*** Records for the task ***
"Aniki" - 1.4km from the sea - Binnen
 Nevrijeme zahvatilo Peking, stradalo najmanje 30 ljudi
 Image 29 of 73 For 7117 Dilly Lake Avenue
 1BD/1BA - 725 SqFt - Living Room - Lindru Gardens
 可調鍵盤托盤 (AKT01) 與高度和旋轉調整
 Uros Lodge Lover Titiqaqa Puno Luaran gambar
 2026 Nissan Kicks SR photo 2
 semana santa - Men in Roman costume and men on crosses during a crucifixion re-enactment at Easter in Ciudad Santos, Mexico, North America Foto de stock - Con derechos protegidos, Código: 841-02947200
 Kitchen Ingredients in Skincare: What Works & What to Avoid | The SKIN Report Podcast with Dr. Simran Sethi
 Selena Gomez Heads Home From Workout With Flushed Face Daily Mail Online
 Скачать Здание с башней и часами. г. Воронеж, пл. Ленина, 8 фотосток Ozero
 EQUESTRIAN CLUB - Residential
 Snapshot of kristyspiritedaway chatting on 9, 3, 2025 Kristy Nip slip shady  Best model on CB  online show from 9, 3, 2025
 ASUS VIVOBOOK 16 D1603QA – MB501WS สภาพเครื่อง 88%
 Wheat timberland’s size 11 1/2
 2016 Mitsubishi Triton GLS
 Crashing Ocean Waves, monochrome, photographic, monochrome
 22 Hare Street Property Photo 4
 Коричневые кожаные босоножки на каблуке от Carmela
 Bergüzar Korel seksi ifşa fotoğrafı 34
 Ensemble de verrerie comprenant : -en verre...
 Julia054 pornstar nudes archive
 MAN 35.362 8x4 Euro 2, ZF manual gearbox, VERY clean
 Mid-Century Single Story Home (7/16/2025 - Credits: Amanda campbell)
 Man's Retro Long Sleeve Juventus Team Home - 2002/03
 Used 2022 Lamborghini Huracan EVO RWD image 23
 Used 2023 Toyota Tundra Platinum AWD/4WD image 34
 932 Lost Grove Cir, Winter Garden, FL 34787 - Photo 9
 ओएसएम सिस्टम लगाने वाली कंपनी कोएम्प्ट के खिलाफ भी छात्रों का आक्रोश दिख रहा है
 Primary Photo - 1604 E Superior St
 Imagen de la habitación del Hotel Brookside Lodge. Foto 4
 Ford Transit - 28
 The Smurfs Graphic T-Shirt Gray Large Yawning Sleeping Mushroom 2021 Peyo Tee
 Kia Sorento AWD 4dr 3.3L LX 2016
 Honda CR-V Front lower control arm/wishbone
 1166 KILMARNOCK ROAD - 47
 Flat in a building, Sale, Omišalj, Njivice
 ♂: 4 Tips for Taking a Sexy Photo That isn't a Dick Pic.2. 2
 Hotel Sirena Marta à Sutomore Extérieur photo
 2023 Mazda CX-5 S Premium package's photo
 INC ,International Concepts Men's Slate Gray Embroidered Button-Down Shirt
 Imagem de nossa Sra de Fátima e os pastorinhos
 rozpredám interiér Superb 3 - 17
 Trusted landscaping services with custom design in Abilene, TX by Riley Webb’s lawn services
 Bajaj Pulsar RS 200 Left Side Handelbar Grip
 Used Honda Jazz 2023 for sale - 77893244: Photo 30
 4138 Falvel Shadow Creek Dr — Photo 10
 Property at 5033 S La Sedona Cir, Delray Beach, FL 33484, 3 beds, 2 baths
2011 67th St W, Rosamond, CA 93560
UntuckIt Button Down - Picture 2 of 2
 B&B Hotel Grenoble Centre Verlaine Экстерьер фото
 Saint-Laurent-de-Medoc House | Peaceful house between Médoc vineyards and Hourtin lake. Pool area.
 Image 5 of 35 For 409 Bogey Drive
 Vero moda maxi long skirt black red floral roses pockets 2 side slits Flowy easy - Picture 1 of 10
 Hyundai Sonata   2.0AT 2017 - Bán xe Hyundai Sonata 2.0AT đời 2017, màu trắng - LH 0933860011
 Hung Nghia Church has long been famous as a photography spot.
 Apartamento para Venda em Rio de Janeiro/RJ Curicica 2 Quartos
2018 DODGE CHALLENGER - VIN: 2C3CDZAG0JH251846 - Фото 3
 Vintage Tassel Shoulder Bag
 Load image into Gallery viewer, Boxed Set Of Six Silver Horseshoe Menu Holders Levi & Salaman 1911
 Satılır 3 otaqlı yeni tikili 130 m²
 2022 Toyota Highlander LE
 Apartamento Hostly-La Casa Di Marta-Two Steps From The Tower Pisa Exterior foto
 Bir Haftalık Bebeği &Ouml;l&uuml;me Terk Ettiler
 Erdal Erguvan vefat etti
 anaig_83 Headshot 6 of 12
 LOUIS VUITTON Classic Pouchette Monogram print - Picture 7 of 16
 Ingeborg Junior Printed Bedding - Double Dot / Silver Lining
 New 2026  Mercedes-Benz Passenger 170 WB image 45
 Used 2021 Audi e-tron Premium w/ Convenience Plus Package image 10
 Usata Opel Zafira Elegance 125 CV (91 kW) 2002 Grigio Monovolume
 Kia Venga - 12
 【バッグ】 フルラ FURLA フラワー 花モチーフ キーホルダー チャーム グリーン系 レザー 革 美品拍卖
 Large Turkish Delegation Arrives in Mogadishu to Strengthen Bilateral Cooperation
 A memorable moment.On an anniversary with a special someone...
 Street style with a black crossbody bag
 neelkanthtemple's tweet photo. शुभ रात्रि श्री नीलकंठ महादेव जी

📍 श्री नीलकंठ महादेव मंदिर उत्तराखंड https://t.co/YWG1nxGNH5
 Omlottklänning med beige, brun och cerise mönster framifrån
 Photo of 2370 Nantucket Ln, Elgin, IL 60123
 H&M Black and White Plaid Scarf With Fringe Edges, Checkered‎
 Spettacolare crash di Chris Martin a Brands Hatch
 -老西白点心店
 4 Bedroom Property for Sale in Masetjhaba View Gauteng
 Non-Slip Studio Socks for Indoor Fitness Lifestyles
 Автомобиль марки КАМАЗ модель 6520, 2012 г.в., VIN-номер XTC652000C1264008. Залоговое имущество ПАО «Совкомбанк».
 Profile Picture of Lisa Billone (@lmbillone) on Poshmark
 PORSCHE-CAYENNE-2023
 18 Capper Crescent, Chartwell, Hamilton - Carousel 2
*** End of Records for the task ***
_Exercise description_
Set the lines down exactly, from the first line of the records to the line where "EQUESTRIAN CLUB - Residential" appears, with both ends kept.

_Response to the task_
"Aniki" - 1.4km from the sea - Binnen
 Nevrijeme zahvatilo Peking, stradalo najmanje 30 ljudi
 Image 29 of 73 For 7117 Dilly Lake Avenue
 1BD/1BA - 725 SqFt - Living Room - Lindru Gardens
 可調鍵盤托盤 (AKT01) 與高度和旋轉調整
 Uros Lodge Lover Titiqaqa Puno Luaran gambar
 2026 Nissan Kicks SR photo 2
 semana santa - Men in Roman costume and men on crosses during a crucifixion re-enactment at Easter in Ciudad Santos, Mexico, North America Foto de stock - Con derechos protegidos, Código: 841-02947200
 Kitchen Ingredients in Skincare: What Works & What to Avoid | The SKIN Report Podcast with Dr. Simran Sethi
 Selena Gomez Heads Home From Workout With Flushed Face Daily Mail Online
 Скачать Здание с башней и часами. г. Воронеж, пл. Ленина, 8 фотосток Ozero
 EQUESTRIAN CLUB - Residential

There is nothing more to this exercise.